Items from a dataset:
%%

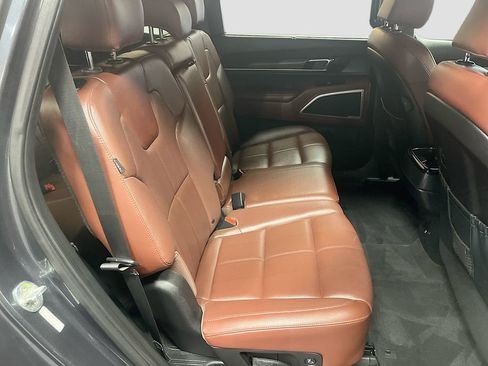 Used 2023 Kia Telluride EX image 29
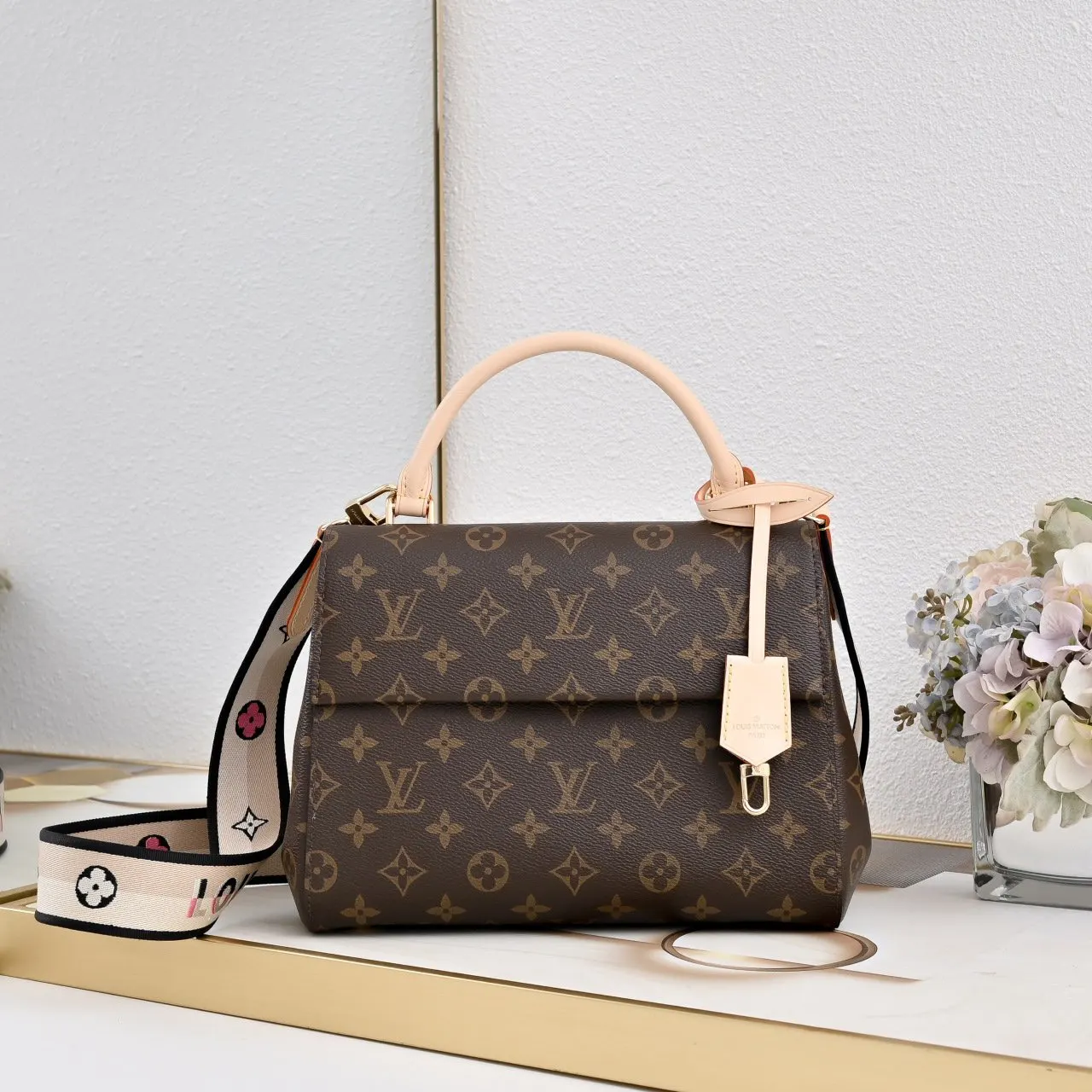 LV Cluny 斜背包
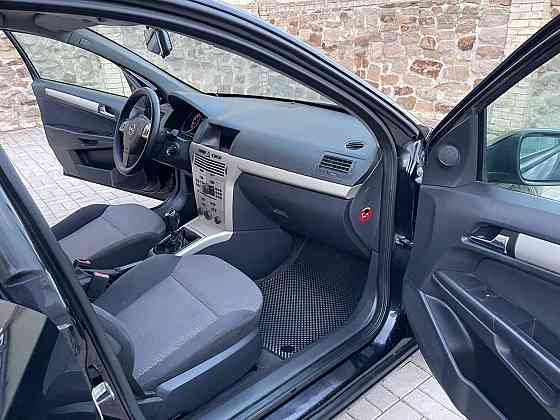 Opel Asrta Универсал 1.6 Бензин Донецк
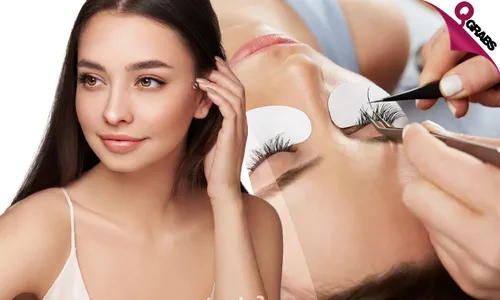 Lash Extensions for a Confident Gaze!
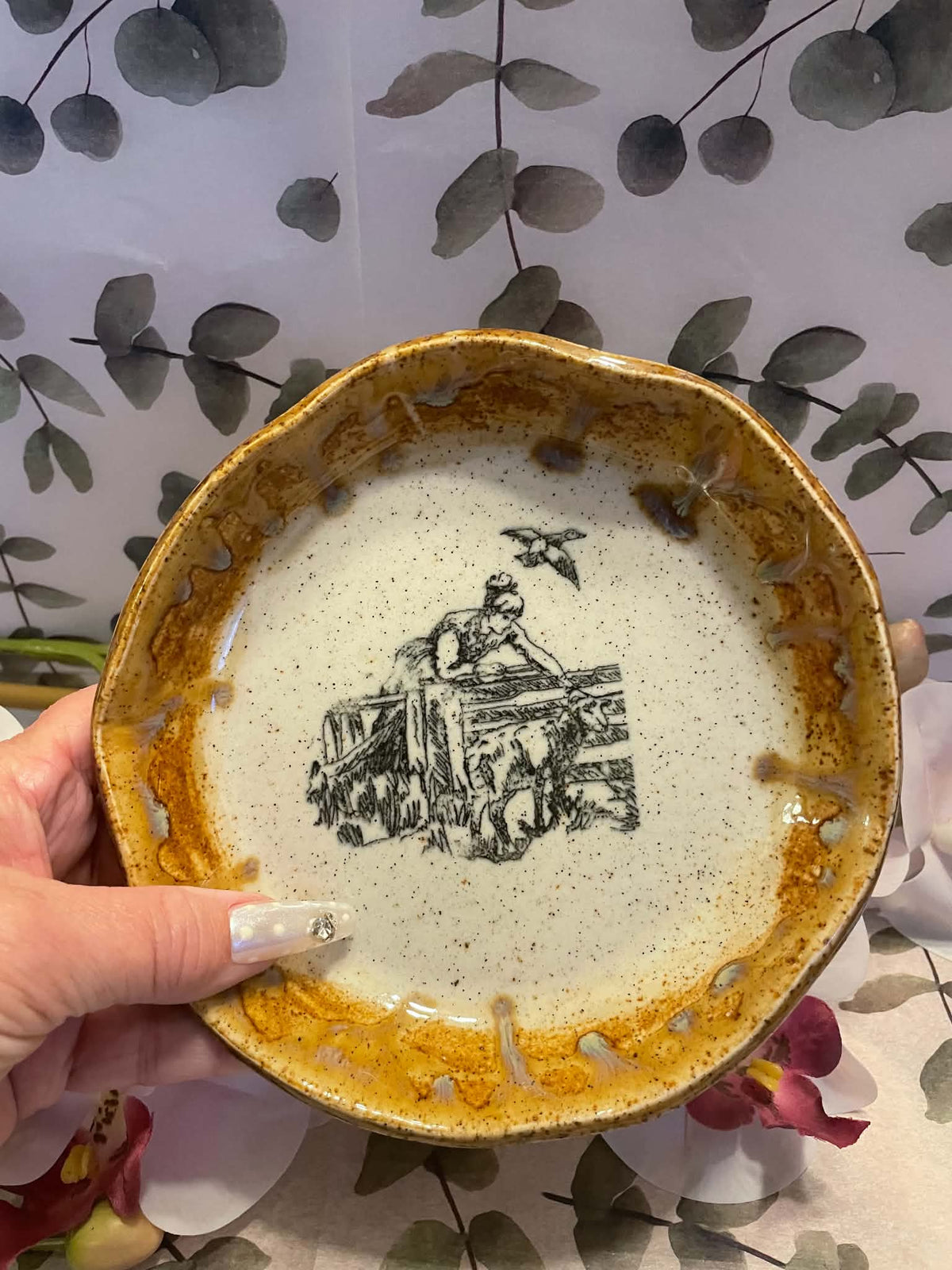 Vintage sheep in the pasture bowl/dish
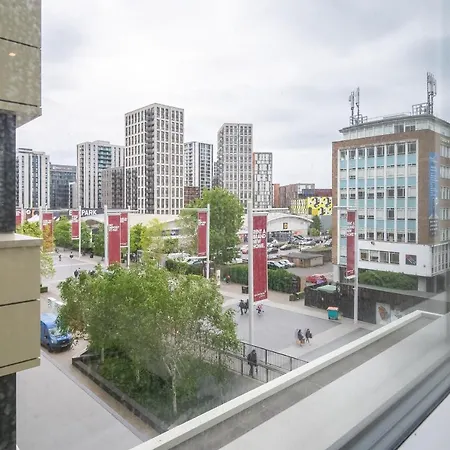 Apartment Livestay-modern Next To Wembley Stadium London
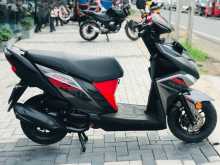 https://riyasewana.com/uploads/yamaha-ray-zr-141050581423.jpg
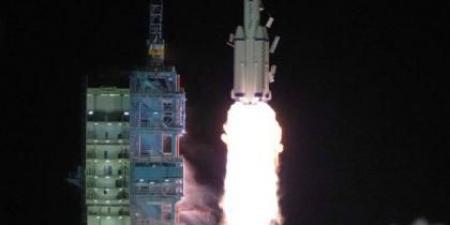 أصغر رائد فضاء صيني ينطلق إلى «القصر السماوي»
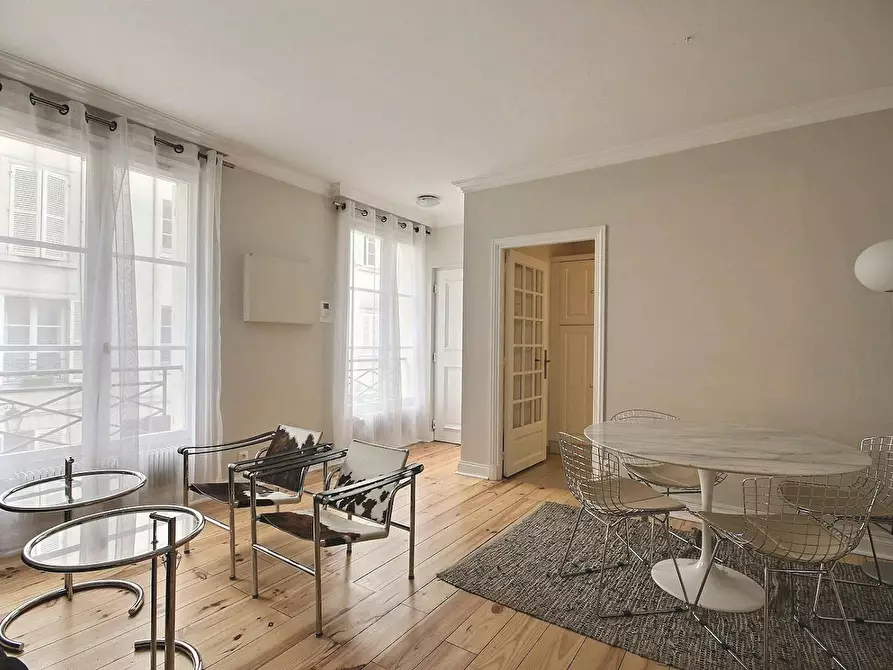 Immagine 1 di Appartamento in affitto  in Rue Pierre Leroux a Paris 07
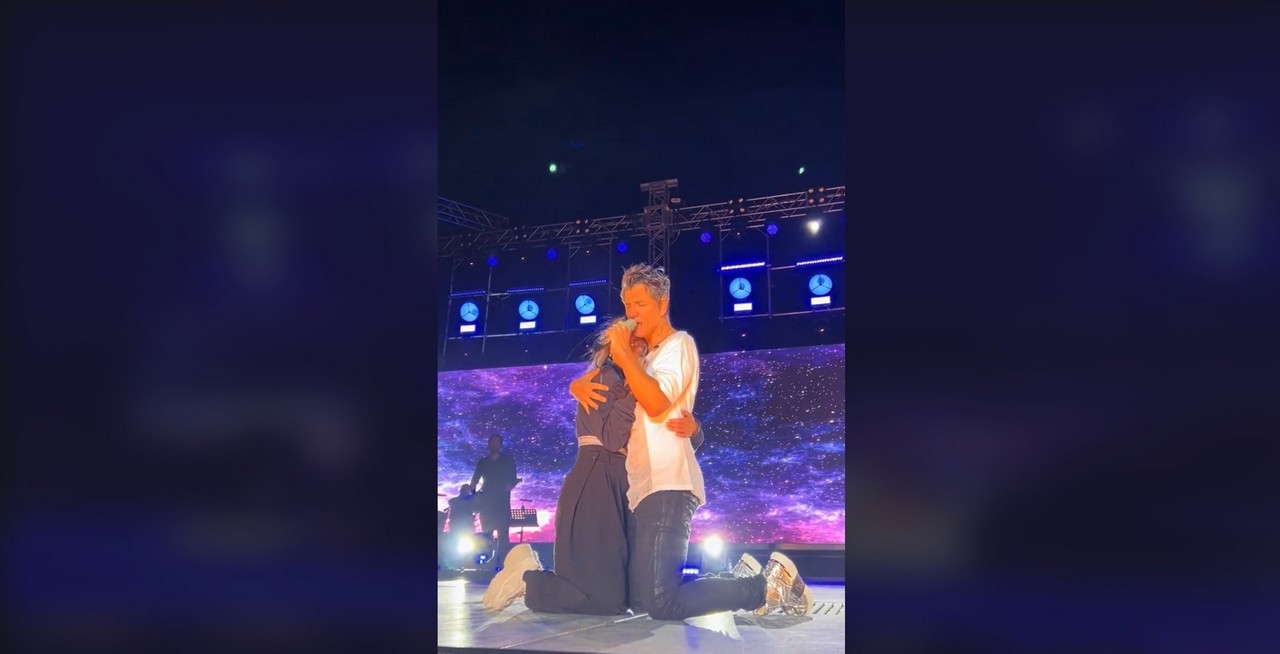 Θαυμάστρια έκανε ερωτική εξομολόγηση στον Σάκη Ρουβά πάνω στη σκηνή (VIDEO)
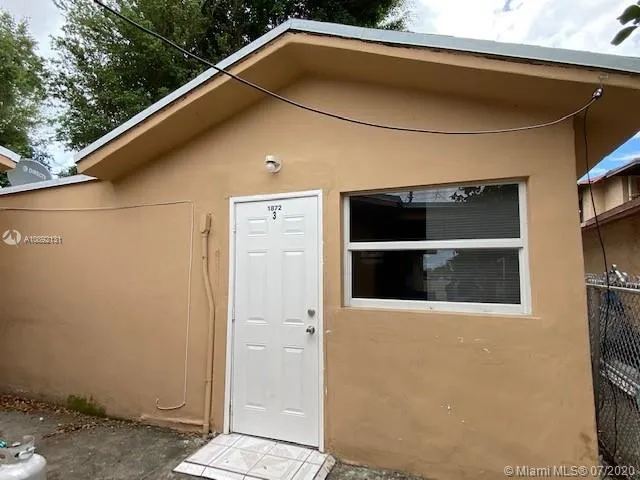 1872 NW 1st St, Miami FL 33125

%%

Exercise goal: Line by line and exactly, reproduce the span from the line with "أصغر رائد فضاء" through the end of the data above, both ends included, with pictures left out.

Task answer:
 أصغر رائد فضاء صيني ينطلق إلى «القصر السماوي»
 Immagine 1 di Appartamento in affitto  in Rue Pierre Leroux a Paris 07
 Θαυμάστρια έκανε ερωτική εξομολόγηση στον Σάκη Ρουβά πάνω στη σκηνή (VIDEO)
 1872 NW 1st St, Miami FL 33125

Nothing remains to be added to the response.